7. Travailler avec des entreprises technologiques. Travailler en étroite collaboration avec les entreprises technologiques pour cibler et fournir des services ainsi que pour évaluer et analyser les données aidera les pays à toucher autant de citoyens que possible. Cela permettra également de consolider et de renforcer le secteur des technologies sur le continent, en préservant les emplois et en ouvrant de nouvelles opportunités, tout en renforçant la capacité de préparation à toute future épidémie ou pandémie.

8. Des solutions à moyen et à long terme seront nécessaires pour aider les économies à se relever après la crise actuelle.
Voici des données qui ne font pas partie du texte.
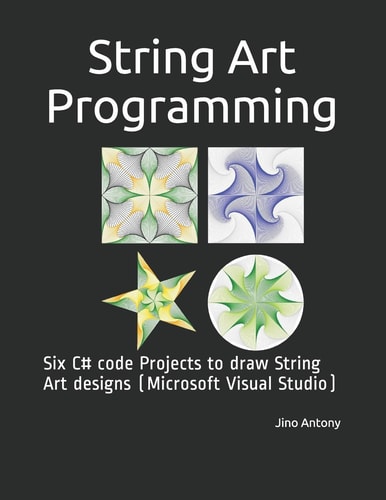 String Art Programming Six C# Code Projects to Draw String Art Designs (Microsoft Visual Studio)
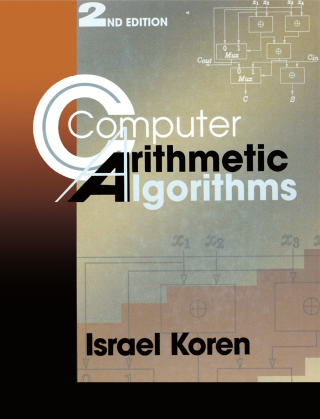 صورة الغلاف: Computer Arithmetic Algorithms 2nd edition 9781568811604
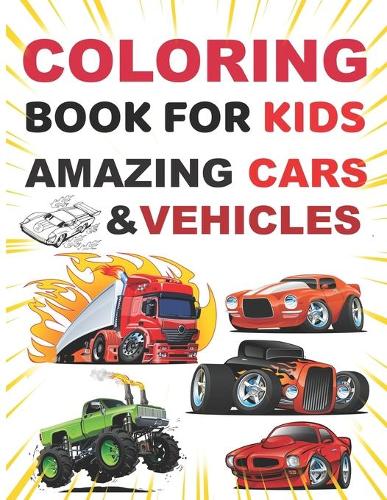 coloring book for kids amazing cars and vehicles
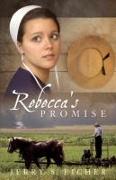 Rebecca's Promise: Volume 1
Bien qu’il s’agisse de mesures à court terme, nous devrons envisager des mesures à moyen et à long terme pour continuer à soutenir la reprise. Je vous remercie de l’attention que vous porterez à cette question. Les ministres s’accordent également à utiliser la plateforme pour poursuivre les discussions sur la riposte contre la crise et d’en faire un usage pour l’échange d’expériences. Alors que nous affinons cette initiative et que les discussions avancent, nous pensons que votre participation aux réunions serait très bénéfique. Veuillez agréer, Excellences, l’assurance de ma considération distinguée et nous prions pour que nous restions tous en sécurité en ces temps difficiles. (Fin)

CC :
-Tito Mboweni, Ministre des Finances de l’Afrique du Sud et Membre de la délégation sudafricaine au G-20 ;

-Ken Ofori-Atta, Ministre des Finances du Ghana, Président du comité de développement de la Banque mondiale et du Groupe intergouvernemental du G-24 ;

– Akinwumi Adesina, Président de la BAD ;

-Hafez Ghanem, Vice-président de la Banque mondiale pour l’Afrique ;

-Abebe Aemro Selassie, Directrice du Département Afrique à l’International Monetary.